What was going to happen going forward?

Slowly and steadily he started drinking more but nowhere as close to as much as before.

We got hit pretty hard in the next couple months with bad news about my dad. It will be a long time before I am ready to talk about that. I can tell you this, my dad struggles with addiction. My mom ignored it. She buried her head in the sand. I have to wonder maybe things would’ve turned out differently if she gave him an ultimatum.

I think I did the right thing. I never wanted Paul to stop drinking. I just wanted him to be in control of it instead of it controlling him.

I found myself triggered by so many things, not just Paul drinking.
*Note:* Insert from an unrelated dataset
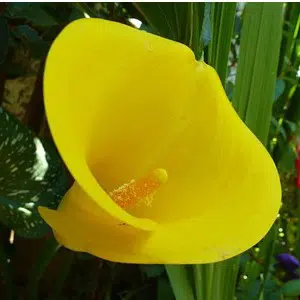 copo de leite amarelo 1 bulbo 7481 e1495641527815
What happened with my dad threw me into a deep depression. I wish I could say that trauma only happens from your parents in childhood. Sometimes it tends to be a lifelong roller coaster ride.

Paul thought he was going to lose me this time. He was so stressed out that he started to drink more which stressed me out more.

Because of the ultimatum, he knew it was a problem he needed to address. In January, he stopped drinking for a few weeks in a time of prayer and self-reflection. Then he came up with a new plan.

The ultimatum, part 8

Paul struggled with what it meant to be a husband and a dad. He never had a dad and barely remembered his mother’s brief marriage when he was 4 to a man that was supposedly abusive towards him.

His only parent was very childlike herself. They were dirt poor. He spent the first half of his childhood in low income housing in the inner city of Chicago. His mother was slow and uneducated. She also struggled with mental health issues that I would guess were trauma related.

Martha’s dad died when she was 12, so Paul didn’t have a grandpa either. He wouldn’t have made a good grandpa anyway. He was known to abuse his children and cheat on his wife. He wouldn’t be my chosen father figure for a future husband.

Martha didn’t always make the best decisions but she was a good mother. She always told Paul he could do anything he put his mind to. She did the best she could with the hand she was given.

Sometimes I feel like Paul was more of a parent to Martha than she was to him. But that could be because I saw him give her advice as an adult. She would argue that credit cards were money. She wasn’t a drinker but I think she was addicted to gambling. I’m sure that is why Paul is obsessed with keeping our finances in order.

Martha also had a really bad temper. She was very reactive and emotional. She often was angry and thought people were out to get her. Or you could be the best thing that ever happened to her. In those times you could do nothing wrong. She was crazy fun, exciting, and impulsive.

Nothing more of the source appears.